START DATA

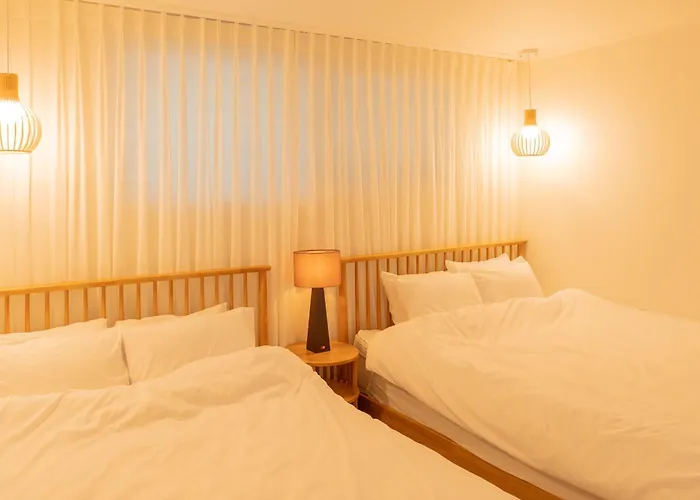 석촌 Cozy Bear Stay 주차O, 최대8인, 넷플, 롯데월드, 석촌호수, 아산병원, 석촌고분역 5분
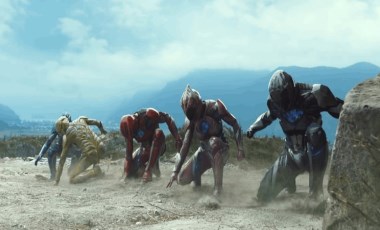 Power Rangers filminin konusu ne? Power Rangers filminin oyuncuları kim?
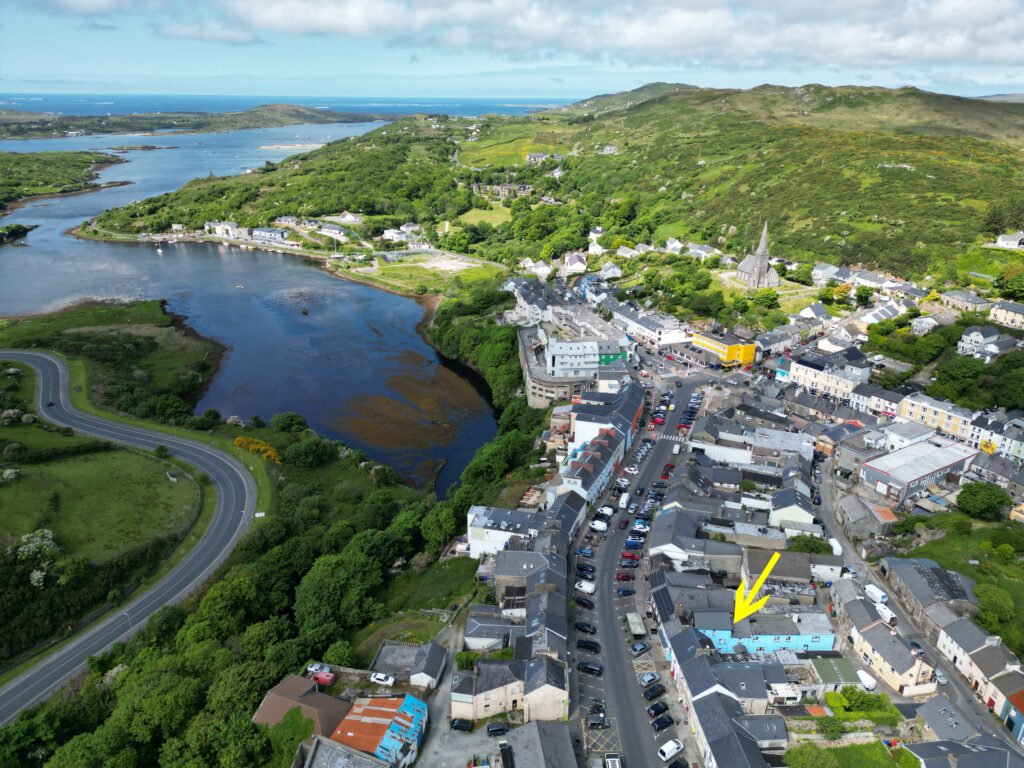 A spacious 6 bedrooms first floor apartment centrally located in Clifden town, close to all bars, restaurants and shops.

END DATA

TASK BRIEF
Pictures aside, reproduce exactly the lines from the one containing "Power Rangers filminin konusu" to the end of the listing above, both ends included.

OUTPUT FOR THIS TASK
 Power Rangers filminin konusu ne? Power Rangers filminin oyuncuları kim?
 A spacious 6 bedrooms first floor apartment centrally located in Clifden town, close to all bars, restaurants and shops.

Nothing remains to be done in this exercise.